At least we agree about your argument. :)

> Signal at minimum will ensure no one is snooping on your messages, and it's up to the user whether they want to take that further.

Signal also secures metadata, including the participants in the conversation. That is undeniable - they have gone through considerable development investment to provide that feature.

> that user's ISP has performed terribly

Now we're blaming the ISP. If your app doesn't work with your users and ISPs, who does it work for? And how does a non-technical end-user know whether or when to trust you?


If I can send you a link and be guaranteed that you click on it. Then that’s definitely a security issue.


Then it's a good thing that this isn't being claimed


The comment says: Every time you click on a link your external IP addresses is exposed, is this a vulnerability? Being online without a VPN / proxy is inherent consent to have your external IP & other required items to be shared with services / middlemen.

The fact that a user's IP is exposed when they click on a link is only relevant to the original post if a user would do this automatically and without realizing.
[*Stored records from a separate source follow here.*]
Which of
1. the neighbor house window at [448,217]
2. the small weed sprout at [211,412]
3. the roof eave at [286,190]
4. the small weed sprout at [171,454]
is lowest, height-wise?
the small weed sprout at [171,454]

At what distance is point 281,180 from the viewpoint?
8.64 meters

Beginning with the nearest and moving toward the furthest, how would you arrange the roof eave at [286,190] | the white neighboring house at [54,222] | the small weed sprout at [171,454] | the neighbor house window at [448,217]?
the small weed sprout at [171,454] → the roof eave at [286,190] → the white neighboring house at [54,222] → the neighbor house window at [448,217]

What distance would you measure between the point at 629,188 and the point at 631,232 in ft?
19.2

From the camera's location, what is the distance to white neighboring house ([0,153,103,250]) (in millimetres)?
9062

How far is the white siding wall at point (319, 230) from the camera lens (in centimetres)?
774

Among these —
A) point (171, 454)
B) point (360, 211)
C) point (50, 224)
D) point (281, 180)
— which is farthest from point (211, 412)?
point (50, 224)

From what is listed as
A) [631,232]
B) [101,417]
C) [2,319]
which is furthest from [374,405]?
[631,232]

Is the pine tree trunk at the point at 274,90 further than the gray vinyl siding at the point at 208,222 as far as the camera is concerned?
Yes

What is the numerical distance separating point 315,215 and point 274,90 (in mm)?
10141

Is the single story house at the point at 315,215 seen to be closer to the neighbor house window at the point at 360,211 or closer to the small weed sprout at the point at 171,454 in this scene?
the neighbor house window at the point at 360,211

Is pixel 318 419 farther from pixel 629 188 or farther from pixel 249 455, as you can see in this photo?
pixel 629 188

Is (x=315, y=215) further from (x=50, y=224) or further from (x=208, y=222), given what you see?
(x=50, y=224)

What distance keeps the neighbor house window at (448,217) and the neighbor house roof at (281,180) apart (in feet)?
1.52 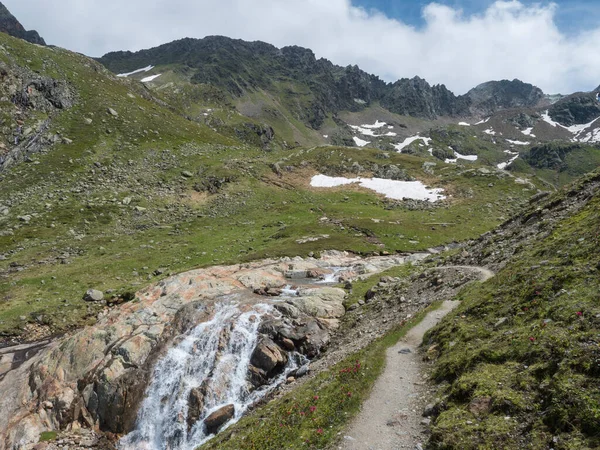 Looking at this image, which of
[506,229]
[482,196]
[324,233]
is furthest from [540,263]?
[482,196]

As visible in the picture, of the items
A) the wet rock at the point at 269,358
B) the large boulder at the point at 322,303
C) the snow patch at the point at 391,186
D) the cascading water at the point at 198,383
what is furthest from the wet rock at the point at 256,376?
the snow patch at the point at 391,186

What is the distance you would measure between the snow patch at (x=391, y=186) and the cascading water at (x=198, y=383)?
214ft

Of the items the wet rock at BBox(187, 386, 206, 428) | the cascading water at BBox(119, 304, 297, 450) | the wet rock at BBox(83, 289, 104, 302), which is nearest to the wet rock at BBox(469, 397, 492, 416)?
the cascading water at BBox(119, 304, 297, 450)

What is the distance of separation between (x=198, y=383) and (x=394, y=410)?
1631cm

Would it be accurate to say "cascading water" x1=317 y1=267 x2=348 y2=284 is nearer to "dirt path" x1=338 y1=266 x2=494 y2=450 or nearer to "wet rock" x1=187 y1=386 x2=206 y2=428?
"wet rock" x1=187 y1=386 x2=206 y2=428

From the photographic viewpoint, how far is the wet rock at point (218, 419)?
22.3m

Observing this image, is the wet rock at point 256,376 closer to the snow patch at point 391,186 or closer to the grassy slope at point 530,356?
the grassy slope at point 530,356

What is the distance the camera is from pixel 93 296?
39.3m

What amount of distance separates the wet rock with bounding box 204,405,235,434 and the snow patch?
70.5m

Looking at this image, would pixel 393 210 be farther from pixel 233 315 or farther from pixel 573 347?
pixel 573 347

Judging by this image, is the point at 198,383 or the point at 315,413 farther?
the point at 198,383

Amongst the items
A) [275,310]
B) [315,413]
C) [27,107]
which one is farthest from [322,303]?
[27,107]

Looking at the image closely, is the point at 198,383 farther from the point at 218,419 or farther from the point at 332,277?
the point at 332,277

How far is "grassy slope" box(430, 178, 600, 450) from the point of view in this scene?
970cm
The original post alleges that they can send someone a message on Signal and have the user automatically and somewhat unknowingly load a resource from a server. Sure, the author doesn't claim they have much control over the resource or the server, but they do show how you can check which server the user accessed and how that leaks information about the location of the user to a certain extent.
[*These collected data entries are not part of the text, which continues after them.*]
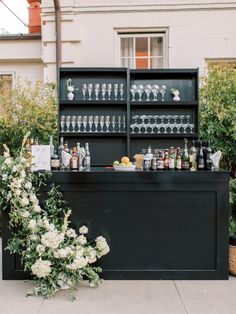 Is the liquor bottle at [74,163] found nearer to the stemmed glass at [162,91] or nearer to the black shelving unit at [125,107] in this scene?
the black shelving unit at [125,107]

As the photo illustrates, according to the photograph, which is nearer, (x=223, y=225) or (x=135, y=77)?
(x=223, y=225)

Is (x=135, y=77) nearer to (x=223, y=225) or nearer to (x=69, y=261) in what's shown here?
(x=223, y=225)

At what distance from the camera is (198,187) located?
375 centimetres

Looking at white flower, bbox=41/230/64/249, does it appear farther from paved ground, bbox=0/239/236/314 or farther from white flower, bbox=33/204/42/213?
paved ground, bbox=0/239/236/314

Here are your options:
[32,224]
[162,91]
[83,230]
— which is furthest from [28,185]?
[162,91]

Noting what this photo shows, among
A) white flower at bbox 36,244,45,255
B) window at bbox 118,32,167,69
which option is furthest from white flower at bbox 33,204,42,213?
window at bbox 118,32,167,69

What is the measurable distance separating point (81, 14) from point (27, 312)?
5.04 m

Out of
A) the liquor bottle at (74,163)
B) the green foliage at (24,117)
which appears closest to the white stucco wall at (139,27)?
the green foliage at (24,117)

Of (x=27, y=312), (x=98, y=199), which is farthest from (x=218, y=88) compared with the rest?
(x=27, y=312)

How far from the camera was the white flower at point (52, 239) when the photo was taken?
3.40 meters

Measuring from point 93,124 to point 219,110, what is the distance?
5.87 ft

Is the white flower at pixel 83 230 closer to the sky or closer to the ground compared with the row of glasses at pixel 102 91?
closer to the ground

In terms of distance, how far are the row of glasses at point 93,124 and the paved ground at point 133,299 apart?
2117mm

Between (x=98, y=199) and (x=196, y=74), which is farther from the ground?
(x=196, y=74)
> When it comes to Discord, if you have this strict of a threat model and you're still using it, idk what to tell you.

I mean, you just never know... I've seen a lot of wild things, I've seen what drives people to doing crazy things. Just look up the "Deadly Runescape E Dater" who flew from the US to the UK to stab the girl he e-dated.


You can disable the auto-download. Settings > Data and storage > Media auto-download, you can choose what to auto download for mobile data/wifi/roaming.
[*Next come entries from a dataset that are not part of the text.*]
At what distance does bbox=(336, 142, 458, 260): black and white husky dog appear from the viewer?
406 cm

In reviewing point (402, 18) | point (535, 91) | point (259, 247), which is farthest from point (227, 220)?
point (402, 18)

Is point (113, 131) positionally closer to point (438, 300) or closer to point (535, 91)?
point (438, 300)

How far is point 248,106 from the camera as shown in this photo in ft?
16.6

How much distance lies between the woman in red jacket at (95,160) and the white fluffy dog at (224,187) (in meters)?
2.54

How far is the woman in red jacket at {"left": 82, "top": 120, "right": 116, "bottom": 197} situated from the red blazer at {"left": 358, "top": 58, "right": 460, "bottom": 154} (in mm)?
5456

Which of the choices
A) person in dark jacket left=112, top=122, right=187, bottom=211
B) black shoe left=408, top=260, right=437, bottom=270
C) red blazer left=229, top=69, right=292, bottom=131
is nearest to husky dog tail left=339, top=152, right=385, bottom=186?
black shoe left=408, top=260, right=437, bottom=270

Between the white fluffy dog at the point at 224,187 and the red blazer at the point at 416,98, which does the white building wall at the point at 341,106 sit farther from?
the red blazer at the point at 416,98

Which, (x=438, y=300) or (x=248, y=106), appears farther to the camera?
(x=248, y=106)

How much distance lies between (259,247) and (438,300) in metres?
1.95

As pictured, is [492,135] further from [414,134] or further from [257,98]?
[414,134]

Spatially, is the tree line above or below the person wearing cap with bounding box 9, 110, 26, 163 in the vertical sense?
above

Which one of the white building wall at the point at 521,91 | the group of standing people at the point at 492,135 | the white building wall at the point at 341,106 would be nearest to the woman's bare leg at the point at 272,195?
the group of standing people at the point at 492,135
Thank you! That's what I get for quick scrolling through the settings. I for sure thought it would have been under Privacy (for this concern), but that makes sense too.


So, just to confirm my understanding, if one goes into those settings and disables all auto-download, that helps- but, then a user will manually download images, correct? Are they still vulnerable to this issue then at that time?


A user might download images and yes, if they download images Cloudflare will show which datacenters have cached that image. They might also install an APK you give them or run that taylor_swift_concert.mp4.exe as well.

If I host an image on Cloudflare and put the URL here, I'll know which CF datacenters are near HN users who bother clicking the link as well.


Ah I made the same mistake.

Whatsapp has this option and I'm pretty sure it is in privacy settings.


hmm. I find the auto-download setting in the mobile app but not on desktop (mac). anyone know?


(some comments seem to suggest that the desktop app always auto-downloads)


it looks like it can’t be disabled for view-once media (or at least, that’s what the settings screen says)


I wonder if view-once media is even handled the same way as a regular attachment (using CF) or is sent more like a regular message.

I imagine if one really wanted it to be view-once, it wouldn't go to a CDN.

Thanks for pointing this out!


I think view-once media there means media hosted on signal servers, not remote servers? But not entirely sure.


I'd love a hard answer to this if anyone knows or has time to look at the source code.

https://github.com/signalapp


Random unrelated point: in a 100km radius circle between Atlanta and Augusta there are ~2,000,000 people (calculated using https://www.tomforth.co.uk/circlepopulations/ )


Haha thank you for doing the math! I was lazy and just added the populations and a plus at the end.